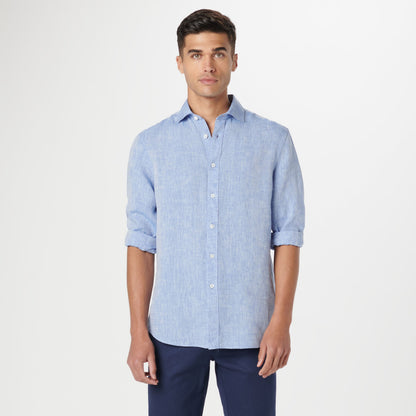 Bugatchi Axel Solid Linen Shirt Classic Blue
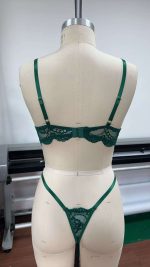 Green Lace Young Lady's Transparent Underwire Bra Naughty Net Brief Thong Spandex Babydoll Lingerie Set for Women Sexy Nightwear - 图片 3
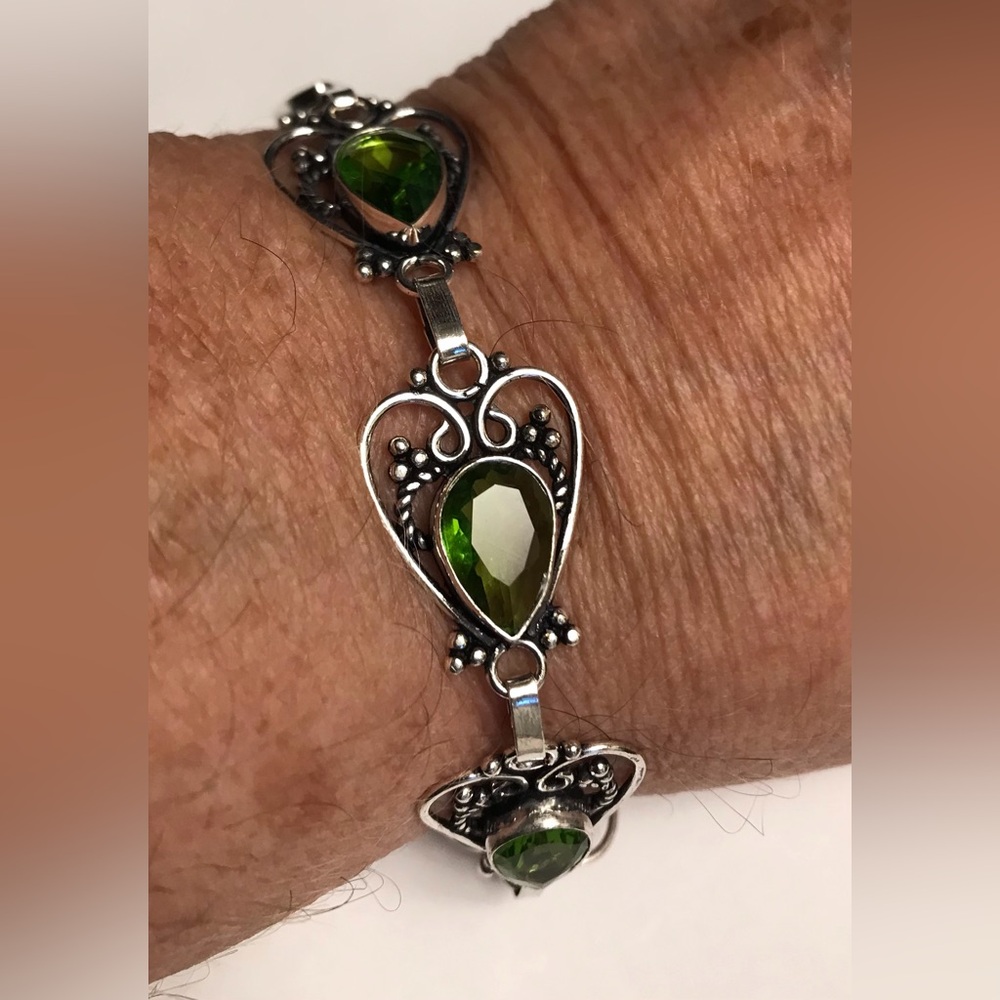 Peridot Stamped 925 Sterling Silver Bracelet
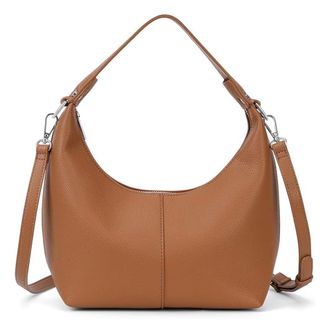 Generic Shoulder Bag for Women Magnetic Closure Crossbody Bag PU Leather Trendy Hobo Bag Handbag for Work Travel Shopping (Brown)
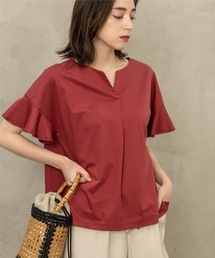 OPAQUE.CLIP | シルキースーピマ スキッパーフリルカットソー【イージーケア/接触冷感/洗濯機洗い可】(Tシャツ/カットソー)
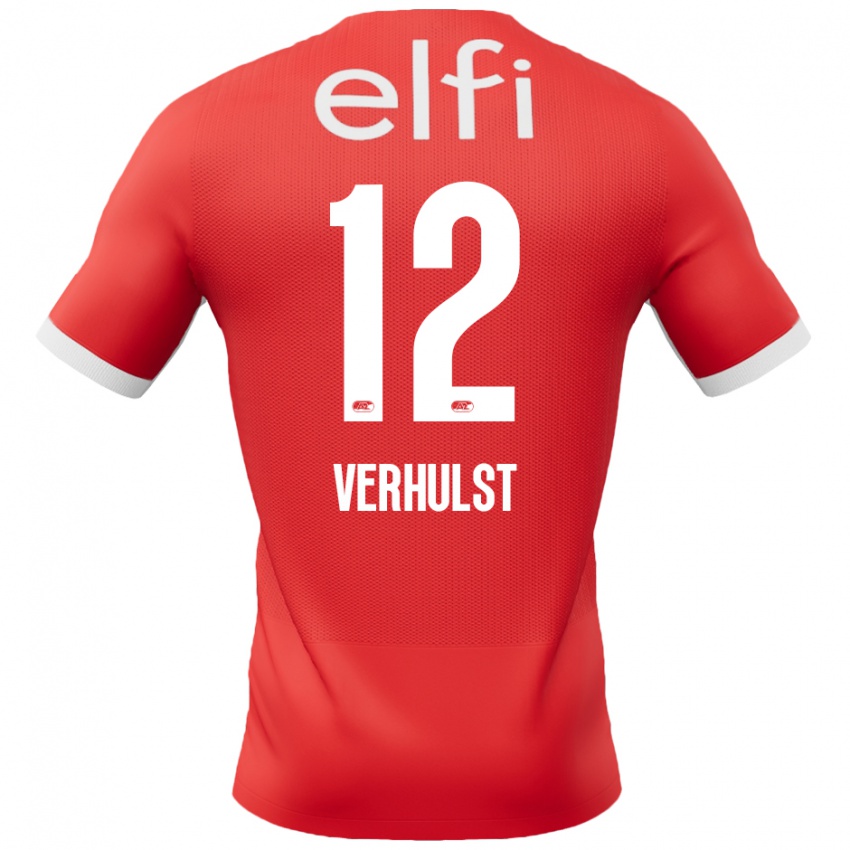 Kinder Hobie Verhulst #12 Rot Weiß Heimtrikot Trikot 2024/25 T-Shirt Belgien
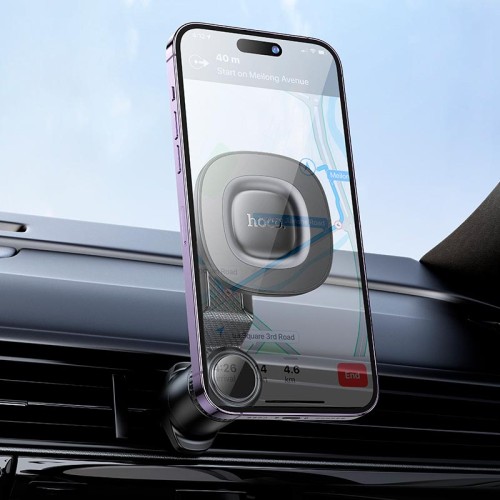 Тримач HOCO Crown ring magnetic car holder (air outlet) H74 |4.5-7"| black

→ Description of the task
Output a verbatim copy of all entries above; no pictures go in it.

→ Finished task
 Bugatchi Axel Solid Linen Shirt Classic Blue
 Green Lace Young Lady's Transparent Underwire Bra Naughty Net Brief Thong Spandex Babydoll Lingerie Set for Women Sexy Nightwear - 图片 3
 Peridot Stamped 925 Sterling Silver Bracelet
 Generic Shoulder Bag for Women Magnetic Closure Crossbody Bag PU Leather Trendy Hobo Bag Handbag for Work Travel Shopping (Brown)
 OPAQUE.CLIP | シルキースーピマ スキッパーフリルカットソー【イージーケア/接触冷感/洗濯機洗い可】(Tシャツ/カットソー)
 Kinder Hobie Verhulst #12 Rot Weiß Heimtrikot Trikot 2024/25 T-Shirt Belgien
 Тримач HOCO Crown ring magnetic car holder (air outlet) H74 |4.5-7"| black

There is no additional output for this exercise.